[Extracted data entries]
__________________________________________________

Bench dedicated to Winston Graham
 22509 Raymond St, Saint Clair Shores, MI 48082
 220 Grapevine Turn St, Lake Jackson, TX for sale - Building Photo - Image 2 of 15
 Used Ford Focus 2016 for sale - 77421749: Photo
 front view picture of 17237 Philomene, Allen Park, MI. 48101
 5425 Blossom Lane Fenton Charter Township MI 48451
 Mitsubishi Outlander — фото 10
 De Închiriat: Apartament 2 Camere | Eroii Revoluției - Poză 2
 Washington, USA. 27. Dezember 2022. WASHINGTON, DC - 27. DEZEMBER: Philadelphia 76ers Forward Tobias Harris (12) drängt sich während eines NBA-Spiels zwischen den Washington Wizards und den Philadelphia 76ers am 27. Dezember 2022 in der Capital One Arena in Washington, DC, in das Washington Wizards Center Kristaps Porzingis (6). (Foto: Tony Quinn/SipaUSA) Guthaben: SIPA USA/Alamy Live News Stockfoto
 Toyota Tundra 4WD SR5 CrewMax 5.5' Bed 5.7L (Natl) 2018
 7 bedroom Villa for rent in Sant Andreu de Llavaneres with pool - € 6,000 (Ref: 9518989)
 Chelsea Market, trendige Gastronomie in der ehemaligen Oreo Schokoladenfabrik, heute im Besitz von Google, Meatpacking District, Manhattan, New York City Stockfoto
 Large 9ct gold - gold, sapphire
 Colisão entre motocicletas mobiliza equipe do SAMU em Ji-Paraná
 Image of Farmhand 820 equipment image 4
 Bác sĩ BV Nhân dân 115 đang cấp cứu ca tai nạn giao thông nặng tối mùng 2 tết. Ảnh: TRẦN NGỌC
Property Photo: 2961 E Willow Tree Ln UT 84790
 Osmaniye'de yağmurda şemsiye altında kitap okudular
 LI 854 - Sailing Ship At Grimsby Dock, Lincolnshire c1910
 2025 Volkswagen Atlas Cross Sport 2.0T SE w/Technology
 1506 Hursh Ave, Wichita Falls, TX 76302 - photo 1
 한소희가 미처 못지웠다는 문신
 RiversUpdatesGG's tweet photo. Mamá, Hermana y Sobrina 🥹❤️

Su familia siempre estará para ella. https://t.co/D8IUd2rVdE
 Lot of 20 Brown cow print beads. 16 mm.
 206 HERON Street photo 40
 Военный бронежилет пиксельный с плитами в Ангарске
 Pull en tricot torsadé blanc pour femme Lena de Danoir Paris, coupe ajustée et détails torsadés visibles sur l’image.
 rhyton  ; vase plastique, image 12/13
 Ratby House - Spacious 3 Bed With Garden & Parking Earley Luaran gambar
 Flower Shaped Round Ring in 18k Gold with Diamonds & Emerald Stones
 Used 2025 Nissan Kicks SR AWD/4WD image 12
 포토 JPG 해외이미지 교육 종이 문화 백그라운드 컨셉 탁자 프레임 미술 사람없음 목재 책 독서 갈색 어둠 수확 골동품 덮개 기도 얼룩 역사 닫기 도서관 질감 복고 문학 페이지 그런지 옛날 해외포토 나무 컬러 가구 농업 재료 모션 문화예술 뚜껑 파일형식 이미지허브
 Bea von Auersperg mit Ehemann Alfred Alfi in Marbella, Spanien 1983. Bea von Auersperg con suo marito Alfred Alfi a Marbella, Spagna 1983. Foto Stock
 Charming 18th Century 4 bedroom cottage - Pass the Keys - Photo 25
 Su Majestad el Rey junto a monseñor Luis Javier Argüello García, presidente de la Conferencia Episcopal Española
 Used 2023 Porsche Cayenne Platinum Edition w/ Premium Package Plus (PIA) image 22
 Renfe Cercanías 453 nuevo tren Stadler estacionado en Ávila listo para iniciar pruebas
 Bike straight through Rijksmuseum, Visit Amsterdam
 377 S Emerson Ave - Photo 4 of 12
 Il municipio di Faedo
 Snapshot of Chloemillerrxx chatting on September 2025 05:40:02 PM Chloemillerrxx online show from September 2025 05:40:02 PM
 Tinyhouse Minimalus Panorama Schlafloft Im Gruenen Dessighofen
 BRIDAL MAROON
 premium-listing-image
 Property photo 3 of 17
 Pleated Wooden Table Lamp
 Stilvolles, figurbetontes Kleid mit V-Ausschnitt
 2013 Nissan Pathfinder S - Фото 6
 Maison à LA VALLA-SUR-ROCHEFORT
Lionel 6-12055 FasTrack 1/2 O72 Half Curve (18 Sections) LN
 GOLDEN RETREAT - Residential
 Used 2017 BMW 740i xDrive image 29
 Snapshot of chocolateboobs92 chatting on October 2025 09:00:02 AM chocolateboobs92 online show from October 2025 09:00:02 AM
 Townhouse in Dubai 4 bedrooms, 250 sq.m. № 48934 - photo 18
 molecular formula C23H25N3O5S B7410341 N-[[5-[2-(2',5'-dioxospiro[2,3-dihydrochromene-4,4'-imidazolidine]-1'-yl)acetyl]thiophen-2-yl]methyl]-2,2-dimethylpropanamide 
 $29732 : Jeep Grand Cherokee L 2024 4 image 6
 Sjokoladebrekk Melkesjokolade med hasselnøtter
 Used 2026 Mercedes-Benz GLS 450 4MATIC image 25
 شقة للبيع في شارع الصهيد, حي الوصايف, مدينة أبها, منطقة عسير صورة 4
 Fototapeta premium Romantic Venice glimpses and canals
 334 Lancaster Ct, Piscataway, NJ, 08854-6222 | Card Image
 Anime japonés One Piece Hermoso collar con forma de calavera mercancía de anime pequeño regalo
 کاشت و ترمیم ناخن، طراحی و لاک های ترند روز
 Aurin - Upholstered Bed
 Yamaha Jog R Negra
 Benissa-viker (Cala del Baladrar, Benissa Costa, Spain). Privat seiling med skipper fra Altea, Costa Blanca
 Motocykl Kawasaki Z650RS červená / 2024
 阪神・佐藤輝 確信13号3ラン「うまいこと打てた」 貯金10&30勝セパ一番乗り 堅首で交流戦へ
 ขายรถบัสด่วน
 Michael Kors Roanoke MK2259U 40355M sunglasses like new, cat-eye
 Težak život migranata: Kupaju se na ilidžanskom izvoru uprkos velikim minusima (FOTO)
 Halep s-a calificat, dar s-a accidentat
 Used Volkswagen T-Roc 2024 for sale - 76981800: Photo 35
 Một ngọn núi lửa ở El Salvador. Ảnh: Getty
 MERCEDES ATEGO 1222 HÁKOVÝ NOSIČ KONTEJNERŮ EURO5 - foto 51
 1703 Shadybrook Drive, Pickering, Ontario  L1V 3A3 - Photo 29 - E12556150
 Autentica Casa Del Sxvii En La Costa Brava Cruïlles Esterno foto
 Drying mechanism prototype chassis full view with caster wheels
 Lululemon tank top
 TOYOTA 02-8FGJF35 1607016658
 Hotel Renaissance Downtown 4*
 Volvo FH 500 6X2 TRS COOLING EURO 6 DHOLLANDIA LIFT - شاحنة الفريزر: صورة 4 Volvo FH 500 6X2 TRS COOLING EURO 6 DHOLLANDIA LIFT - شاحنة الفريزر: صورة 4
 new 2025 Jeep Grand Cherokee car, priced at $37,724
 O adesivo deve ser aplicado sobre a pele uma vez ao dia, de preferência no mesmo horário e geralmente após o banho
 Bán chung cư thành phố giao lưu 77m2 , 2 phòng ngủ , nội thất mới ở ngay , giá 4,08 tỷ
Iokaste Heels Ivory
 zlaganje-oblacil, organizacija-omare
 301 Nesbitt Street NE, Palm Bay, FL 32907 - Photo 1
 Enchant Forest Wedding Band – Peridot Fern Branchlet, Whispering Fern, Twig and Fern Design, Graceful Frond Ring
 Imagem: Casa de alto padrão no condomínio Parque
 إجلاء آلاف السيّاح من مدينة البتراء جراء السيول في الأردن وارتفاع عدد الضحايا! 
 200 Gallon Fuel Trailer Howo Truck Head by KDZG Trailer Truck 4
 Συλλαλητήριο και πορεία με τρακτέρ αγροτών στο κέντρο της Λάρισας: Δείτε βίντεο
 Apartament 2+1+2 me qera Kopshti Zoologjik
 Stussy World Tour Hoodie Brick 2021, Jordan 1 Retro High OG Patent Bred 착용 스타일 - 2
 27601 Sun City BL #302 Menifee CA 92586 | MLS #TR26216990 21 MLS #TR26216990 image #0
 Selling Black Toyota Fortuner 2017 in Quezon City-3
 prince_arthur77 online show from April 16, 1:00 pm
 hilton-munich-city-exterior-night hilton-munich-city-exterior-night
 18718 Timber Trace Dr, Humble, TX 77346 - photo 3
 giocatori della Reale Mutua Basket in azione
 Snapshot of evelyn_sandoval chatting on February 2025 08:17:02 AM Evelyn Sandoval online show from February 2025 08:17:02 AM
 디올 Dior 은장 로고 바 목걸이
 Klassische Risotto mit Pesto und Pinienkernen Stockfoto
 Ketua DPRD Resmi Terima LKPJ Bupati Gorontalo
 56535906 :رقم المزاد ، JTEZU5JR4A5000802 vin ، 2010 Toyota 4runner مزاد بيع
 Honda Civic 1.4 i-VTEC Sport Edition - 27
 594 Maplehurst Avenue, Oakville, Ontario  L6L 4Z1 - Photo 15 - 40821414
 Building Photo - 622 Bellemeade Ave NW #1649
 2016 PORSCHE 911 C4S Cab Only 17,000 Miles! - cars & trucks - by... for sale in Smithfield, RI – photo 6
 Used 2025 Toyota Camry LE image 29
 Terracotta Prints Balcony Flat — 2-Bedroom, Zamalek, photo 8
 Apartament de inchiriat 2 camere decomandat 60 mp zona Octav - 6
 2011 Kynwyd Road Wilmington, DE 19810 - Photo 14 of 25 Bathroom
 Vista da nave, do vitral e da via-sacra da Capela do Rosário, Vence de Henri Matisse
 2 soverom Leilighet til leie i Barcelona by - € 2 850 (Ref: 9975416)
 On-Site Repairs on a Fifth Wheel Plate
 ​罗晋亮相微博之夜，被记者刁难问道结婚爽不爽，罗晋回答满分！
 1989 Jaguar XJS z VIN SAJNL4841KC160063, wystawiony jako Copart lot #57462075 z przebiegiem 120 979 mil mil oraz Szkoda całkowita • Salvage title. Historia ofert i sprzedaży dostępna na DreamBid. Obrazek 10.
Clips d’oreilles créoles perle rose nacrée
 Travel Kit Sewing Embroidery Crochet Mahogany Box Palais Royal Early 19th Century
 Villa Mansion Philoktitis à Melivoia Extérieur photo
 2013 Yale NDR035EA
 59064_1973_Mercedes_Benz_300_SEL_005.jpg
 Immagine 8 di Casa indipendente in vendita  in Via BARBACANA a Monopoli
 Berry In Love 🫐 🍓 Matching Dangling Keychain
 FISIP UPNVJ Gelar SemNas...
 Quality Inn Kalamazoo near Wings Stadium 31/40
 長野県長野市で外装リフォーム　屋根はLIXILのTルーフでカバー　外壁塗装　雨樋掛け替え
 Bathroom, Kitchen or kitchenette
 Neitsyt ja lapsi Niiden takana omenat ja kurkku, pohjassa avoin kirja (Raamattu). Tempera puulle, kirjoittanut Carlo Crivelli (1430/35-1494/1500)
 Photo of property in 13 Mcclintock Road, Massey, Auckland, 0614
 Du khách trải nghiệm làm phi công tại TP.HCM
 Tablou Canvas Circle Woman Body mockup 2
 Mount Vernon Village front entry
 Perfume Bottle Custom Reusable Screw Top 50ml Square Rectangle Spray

__________________________________________________

**WHAT THE TASK REQUIRES:** Set down exactly, and only, the lines of the data above from the line containing "Clips d’oreilles créoles perle rose nacrée" through the last one.

**RESPONSE:**
Clips d’oreilles créoles perle rose nacrée
 Travel Kit Sewing Embroidery Crochet Mahogany Box Palais Royal Early 19th Century
 Villa Mansion Philoktitis à Melivoia Extérieur photo
 2013 Yale NDR035EA
 59064_1973_Mercedes_Benz_300_SEL_005.jpg
 Immagine 8 di Casa indipendente in vendita  in Via BARBACANA a Monopoli
 Berry In Love 🫐 🍓 Matching Dangling Keychain
 FISIP UPNVJ Gelar SemNas...
 Quality Inn Kalamazoo near Wings Stadium 31/40
 長野県長野市で外装リフォーム　屋根はLIXILのTルーフでカバー　外壁塗装　雨樋掛け替え
 Bathroom, Kitchen or kitchenette
 Neitsyt ja lapsi Niiden takana omenat ja kurkku, pohjassa avoin kirja (Raamattu). Tempera puulle, kirjoittanut Carlo Crivelli (1430/35-1494/1500)
 Photo of property in 13 Mcclintock Road, Massey, Auckland, 0614
 Du khách trải nghiệm làm phi công tại TP.HCM
 Tablou Canvas Circle Woman Body mockup 2
 Mount Vernon Village front entry
 Perfume Bottle Custom Reusable Screw Top 50ml Square Rectangle Spray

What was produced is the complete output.